**Work instructions**
For the entries below, print exactly the lines between the line holding "Ford Transit Custom" and the line holding "Air Jordan 1", inclusive, and nothing else.

**Exercise material**
++++++++++

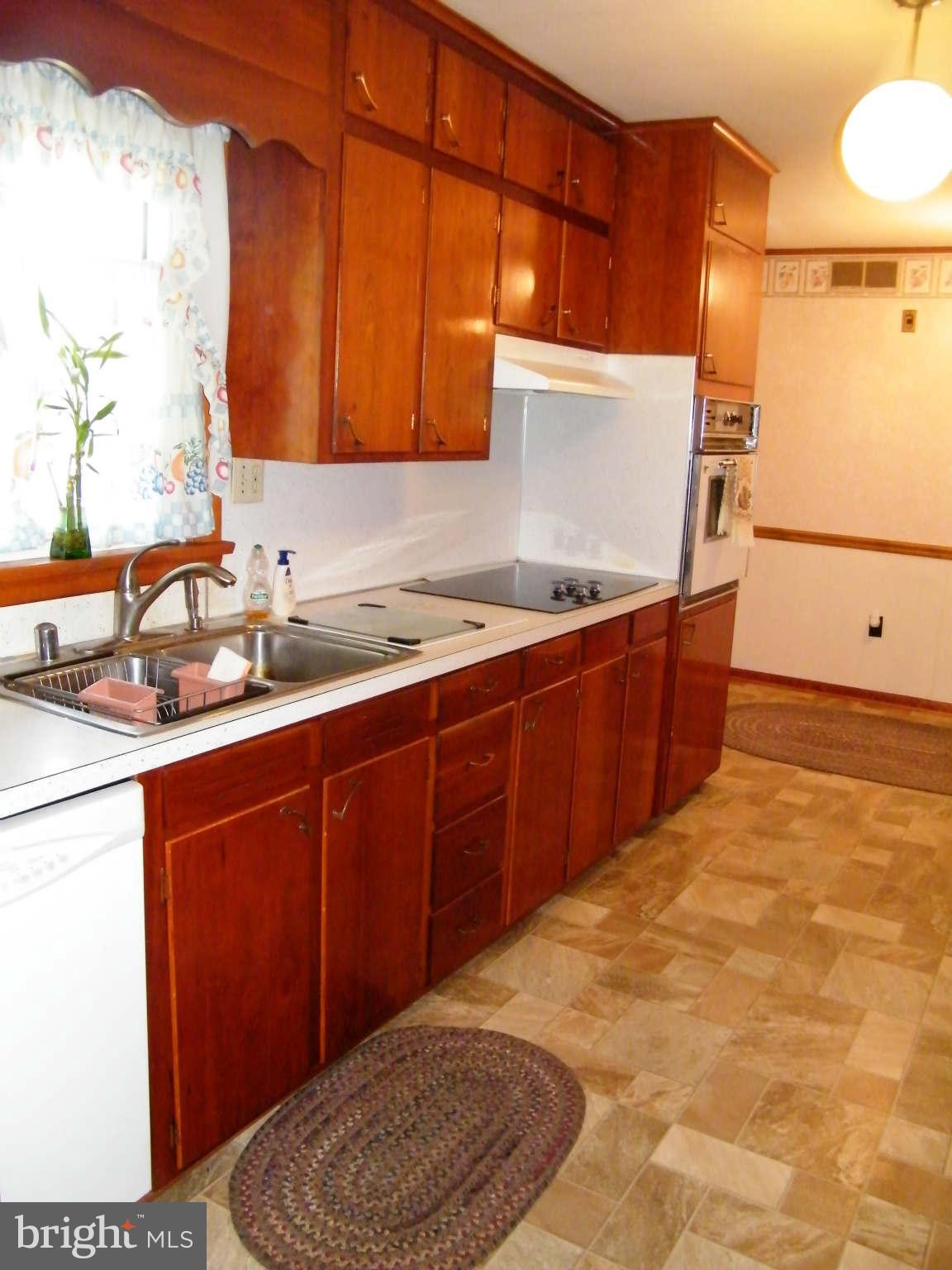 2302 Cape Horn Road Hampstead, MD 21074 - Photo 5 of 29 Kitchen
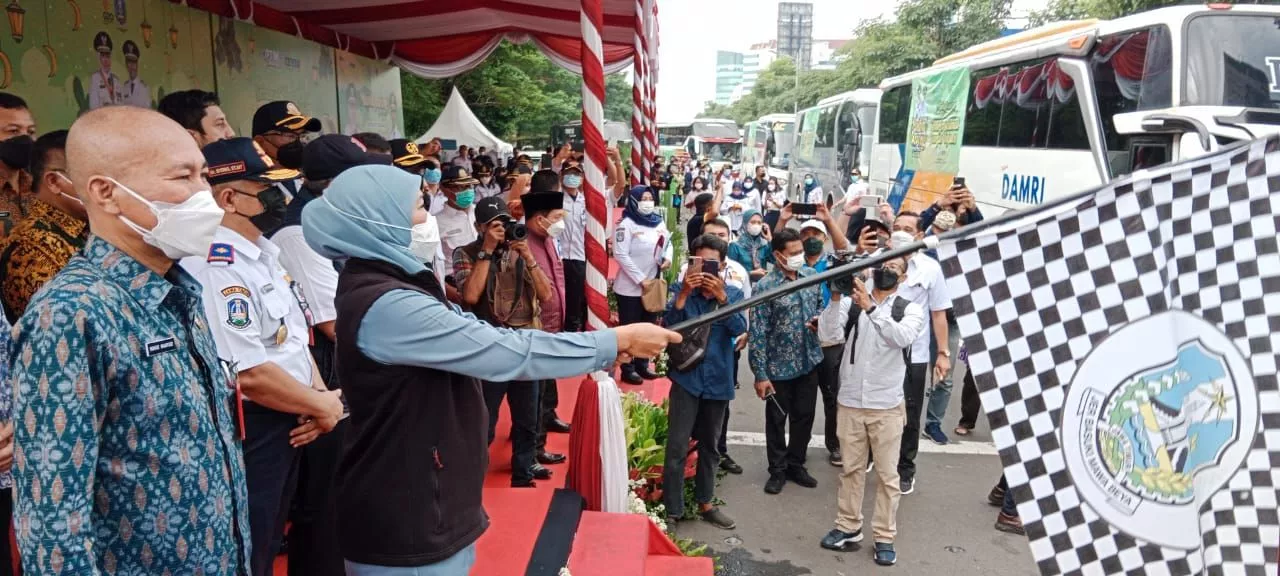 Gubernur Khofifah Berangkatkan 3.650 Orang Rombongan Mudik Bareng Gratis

++++++++++

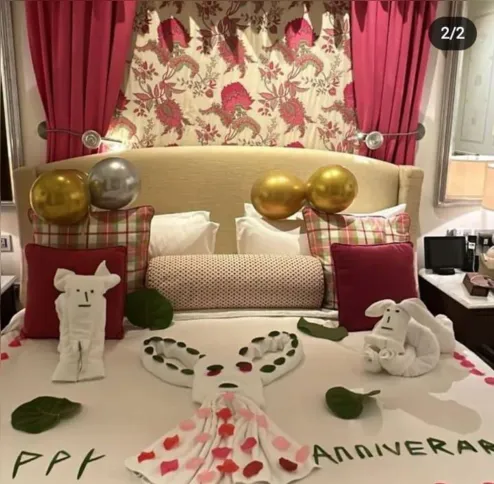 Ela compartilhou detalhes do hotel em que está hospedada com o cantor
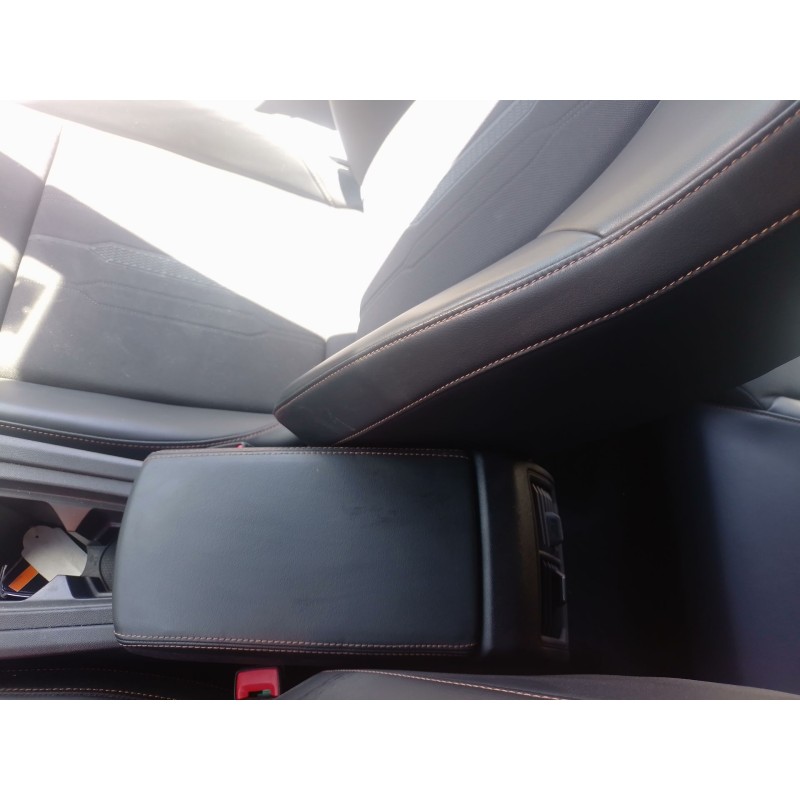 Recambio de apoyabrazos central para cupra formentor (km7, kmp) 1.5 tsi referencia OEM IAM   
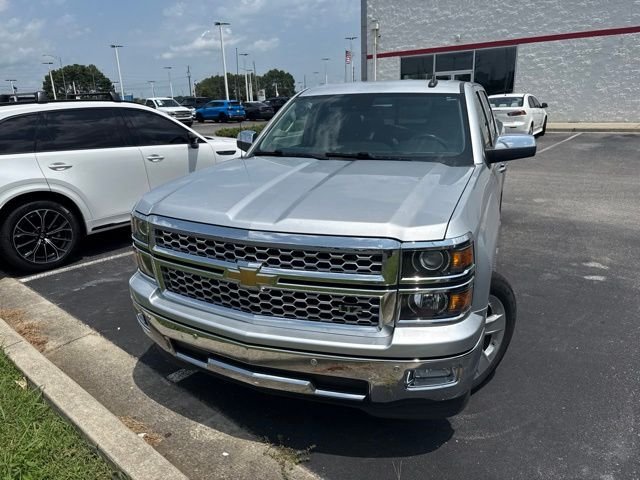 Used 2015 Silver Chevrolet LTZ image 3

++++++++++

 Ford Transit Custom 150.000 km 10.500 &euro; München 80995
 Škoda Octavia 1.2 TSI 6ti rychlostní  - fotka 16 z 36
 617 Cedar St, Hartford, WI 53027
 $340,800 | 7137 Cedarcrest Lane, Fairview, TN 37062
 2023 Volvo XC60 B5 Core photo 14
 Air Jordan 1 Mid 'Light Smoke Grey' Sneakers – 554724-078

++++++++++

**Answer**
 Ford Transit Custom 150.000 km 10.500 &euro; München 80995
 Škoda Octavia 1.2 TSI 6ti rychlostní  - fotka 16 z 36
 617 Cedar St, Hartford, WI 53027
 $340,800 | 7137 Cedarcrest Lane, Fairview, TN 37062
 2023 Volvo XC60 B5 Core photo 14
 Air Jordan 1 Mid 'Light Smoke Grey' Sneakers – 554724-078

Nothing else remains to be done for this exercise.